We started by making two changes:

  • We removed our coffee table. It’s one of those design glass tables that easily flips if you put any weight on the side. It would have been dangerous for Aria and my table.
  • We moved some cabinets in front of some electrical sockets and cables, so she wouldn’t be able to play with them.

As she started exploring the living room, we also noticed new hazards. I got nervous about some sharp corners, so I bought some corner protectors for them. She also discovered the bowl with cat food in the living room. Instead of taking it away, we went with another solution.

to explore cat food or not to explore cat food

Our living room is on the first floor. One of our cats is old, and to encourage her to eat more, we put her food in the living room. These are hard round little balls of food. Super interesting for Aria and also a choking hazard. Aria would go to them all the time.

One option was to remove the cat food from the living room. This would solve the problem. Instead, I went for an alternative solution, not knowing if it was a great or a horrible idea. I let Aria play with the food.

I stayed very close to her to prevent her from putting any of it in her mouth. She started removing all the food from the bowl, going through it with her hands. She loved it. And I worried, was I teaching her that it was ok to touch the cat food? (For me this is also about choosing carefully when to say no, but that’s for another post 🙂 )

I had reasoned that she was curious about the food. Once she would satisfy her curiosity, she would move on.

She went to the cat food again and again. Sometimes it wasn’t a good time for me, because I didn’t have the time or mental space to be patient while she would take all the food out, and I would tell her that.

I didn’t count the number of times she played with the food, but my guess is six times. I already forgot about it, because she hasn’t done it in weeks. She moved on and lost interest. It worked.

evaluating risk vs learning experiences

We could have just taken the food out, and that little table with our books, and the glass lamp, etc. Eventually, we would have been left with an empty living room. Our daughter wouldn’t get to satisfy any of her curiosities or learn not to destroy our lamp or books. I didn’t want that.

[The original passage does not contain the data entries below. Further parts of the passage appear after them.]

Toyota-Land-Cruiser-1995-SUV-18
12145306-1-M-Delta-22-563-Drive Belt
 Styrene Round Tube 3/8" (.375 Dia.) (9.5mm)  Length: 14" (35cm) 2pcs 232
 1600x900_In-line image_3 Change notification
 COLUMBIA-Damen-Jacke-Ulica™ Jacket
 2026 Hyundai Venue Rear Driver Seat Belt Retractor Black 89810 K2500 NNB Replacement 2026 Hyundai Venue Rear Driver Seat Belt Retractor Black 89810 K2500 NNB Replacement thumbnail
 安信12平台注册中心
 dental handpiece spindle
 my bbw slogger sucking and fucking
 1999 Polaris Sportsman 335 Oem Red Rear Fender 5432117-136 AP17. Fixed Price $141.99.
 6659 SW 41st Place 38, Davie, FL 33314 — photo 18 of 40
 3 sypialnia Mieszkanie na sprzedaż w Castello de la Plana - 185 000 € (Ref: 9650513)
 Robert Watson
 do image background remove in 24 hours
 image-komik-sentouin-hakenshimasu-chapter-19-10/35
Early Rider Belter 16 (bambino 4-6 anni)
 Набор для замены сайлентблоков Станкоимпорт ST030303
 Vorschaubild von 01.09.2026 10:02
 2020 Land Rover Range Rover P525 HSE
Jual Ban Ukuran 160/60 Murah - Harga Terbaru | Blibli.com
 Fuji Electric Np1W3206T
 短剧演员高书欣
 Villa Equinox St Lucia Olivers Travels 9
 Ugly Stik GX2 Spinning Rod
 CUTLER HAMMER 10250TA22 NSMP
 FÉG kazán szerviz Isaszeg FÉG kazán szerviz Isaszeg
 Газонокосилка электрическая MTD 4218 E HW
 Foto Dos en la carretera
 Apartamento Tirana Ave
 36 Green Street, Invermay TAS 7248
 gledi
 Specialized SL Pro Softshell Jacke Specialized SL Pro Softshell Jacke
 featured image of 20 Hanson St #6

Instead, we try to ask ourselves what the risk is and how we can approach it. Maybe she will move on after she got the chance to explore it, like the cat food. Perhaps we need her to stay close to her when she’s exploring something a little bit more risky, like petting the cats gently. Or in other cases, I feel that even if we’re close, she might fall in an unfortunate way and really hurt herself if we wouldn’t use the corner protectors.